This courtesy rendering shows a southwest-facing view of the PCH/Golden Lantern mixed-use project approved by the Dana Point Planning Commission on Monday.

By Andrea Swayne

A main street corner in the Town Center/Lantern District is one step closer to a new mixed-use development after receiving a unanimous thumbs-up from the Dana Point Planning Commission on Monday.

The 34175 Pacific Coast Highway development, at the corner of PCH and Golden Lantern, will be built on the land now occupied by Union Bank and will consist of 8,730 square feet of commercial space at ground level, three levels of subterranean parking and 39 residential units in the second and third stories.

The development was first introduced to the public at a Planning Commission study session on Sept. 8, 2014 and, according to the staff report, the project approved Monday was nearly identical to the developer’s initial presentation.

The project owner, M&A Gabaee, LP, was represented at the meeting by George Ray of GTR Property Development and Michael Bond of the architect, landscape and urban design firm, Studio One Eleven, who presented the project plans and fielded commissioners’ questions.

According to the staff report, the plan, as an “in-fill development project” is exempt from the California Environmental Quality Act, or CEQA, environmental impact review requirements.

Residential units will include seven studios, 24 one-bedrooms, four two-bedrooms, and four two-bedroom two-level townhomes.

The maximum height of the project is set at 40 feet.
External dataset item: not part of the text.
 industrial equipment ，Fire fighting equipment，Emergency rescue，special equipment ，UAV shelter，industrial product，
In compliance with set building standards, rooftop heating and air conditioning condensers and surrounding screens to hide them are allowed to project above the rooftop by 36 inches, 6 inches under the set 42-inch limit. An enclosed stairway providing roof access for maintenance will extend 4.5 feet above surrounding parapets. The project does not include rooftop decks or rooftop elevator access.
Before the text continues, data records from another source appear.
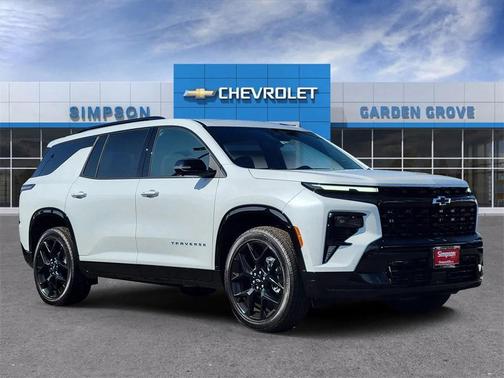 2026 Chevrolet Traverse RS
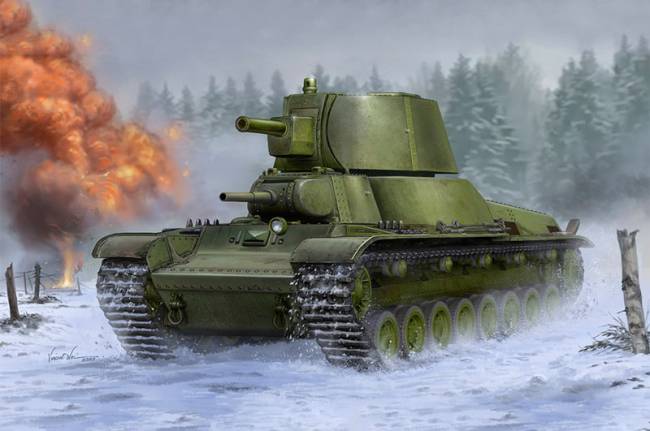 Soviet T-100Z Heavy Tank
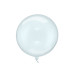 Partydeco Luftballon 40 cm, Blau, 1 Stück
The project’s parking plan complies with the city’s currently adopted parking code.

This courtesy rendering shows a northwest-facing view of the PCH/Golden Lantern mixed-use project approved by the Dana Point Planning Commission on Monday.
This courtesy rendering shows a northwest-facing view of the PCH/Golden Lantern mixed-use project approved by the Dana Point Planning Commission on Monday.

City Council’s recently approved parking plan amendment—which has yet to be certified by the California Coastal Commission—was not applied to this project.

With a total of 65 residential spaces and 40 commercial spaces, the project is over-parked, at five more spaces than required by the current code. Parking for studios and one-bedrooms is figured at 1.7 spaces per unit and two-bedrooms are figured at 2.2 spaces per unit.

“If the Coastal Commission approves the proposed parking plan amendment, there will be no effect on this project,” said Ursula Luna-Reynosa, the city’s community development director at the meeting. “If the Coastal Commission does not approve it, then the current parking plan stands.”

Residential and commercial spaces, all contained within the plan’s three levels of underground garage, will be separated via a mechanical gate.

According to the plan, the modern/contemporary architectural style includes a variety of step-backs on all three levels—including view/lounge decks for residents—in order to avoid a “wedding cake” appearance and provides visual interest on all facades.

The Planning Commission’s vote approved the demolition of the current structure, a sign program permit, a subdivision of ownership for residential and commercial portions of the project and a variance to temporarily allow a curb cut on the PCH side for an entry/exit driveway.

THE VARIANCE

In order to promote the pedestrian focus/continuous storefronts in the Lantern District, the Town Center Plan/Lantern District Plan does not allow for new driveways along PCH and Del Prado Avenue. Evan Langan, the city’s associate planner, explained that technically a driveway on Golden Lantern would be allowed; however, due to safety concerns such as traffic and the street’s downward slope, established bus stop and utilities, encroachment permits for a driveway there would not be granted.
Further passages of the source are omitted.